Pupil teacher ratios:
This data skews a little left but the variance is fairly small across the data.  

Home values:
The data shows a large variance with most outliers in the high value range.  


The exploratory data shows that there may be a relationship between pupil to teacher ratios and home values.  We will show this on a data plot below.

In [241]:
import numpy as np

scatter1 = small_df.plot.scatter('ptratio', 'medv')
scatter1.set_title("Mean Housing Cost vs. Student to Teacher Ratio\n(Boston Housing Data 1978)", color='blue', fontsize=15)
scatter1.set_xlabel("Pupil to Teacher Ratio")
scatter1.set_ylabel("Mean Housing Cost (x $10k)")


m, b = np.polyfit(small_df['ptratio'], small_df['medv'], 1)
x1 = np.arange(12, 22, 0.1)
plt.plot(x1, [m * x + b for x in x1])


print("Equation of linear fit:", "y = {:.2f} * x + {:.2f}".format(m, b))


<IPython.core.display.Javascript object>

Equation of linear fit: y = -2.05 * x + 60.63


In [231]:
import numpy as np

# lets plot histograms of the crime for Q1, Q2, and Q3 ptratios.
plt.figure()
b = np.arange(12, 24, 0.5)
#ptratio_q1['medv'].plot.hist(bins=b, alpha=0.3, label='Quartile 1', color='green')
#ptratio_iqr['medv'].plot.hist(bins=b, alpha=0.2, label='IQR', color='green')
#ptratio_q3['medv'].plot.hist(bins=b, alpha=0.3, label='Quartile 3', color='red')

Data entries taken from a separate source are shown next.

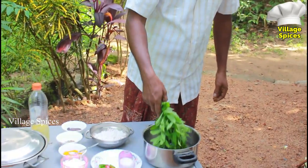This episode is brought to you by Villaspices. We are going to show you how to make a new episode.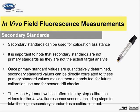However, once primary standard values are quantitatively determined, secondary standard values can be directly correlated to these primary standard values, making them a handy tool for future calibration use and for sensor drift checks. The Hawk HydroMet website offers multiple step-by-step calibration videos for the in vivo fluorescence sensors, including steps to take if using a secondary standard as a calibration reference tool.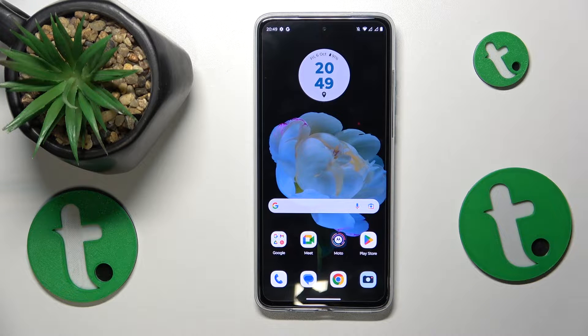This is my Motorola G84 and today I'll show how you can set up and use the nearby share feature on this device.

# Histograms were difficult to read, so I switched to kde
q1 = ptratio_q1['medv'].plot.kde(label="Quartile 1")
q2 = ptratio_iqr['medv'].plot.kde(label="Quartile 2")
q3 = ptratio_q3['medv'].plot.kde(label="Quartile 3")

plt.xlim([0,70])
plt.xlabel("Median Home Value (x $10k)")
plt.legend(title="Pupil to Teacher Ratio Quartiles")
plt.title("Median Home Values of Pupil/Teacher Quartiles")




<IPython.core.display.Javascript object>

Text(0.5, 1.0, 'Median Home Values of Pupil/Teacher Quartiles')

## Summary

Congratulations, you've completed your first "free form" exploratory data analysis of a popular dataset!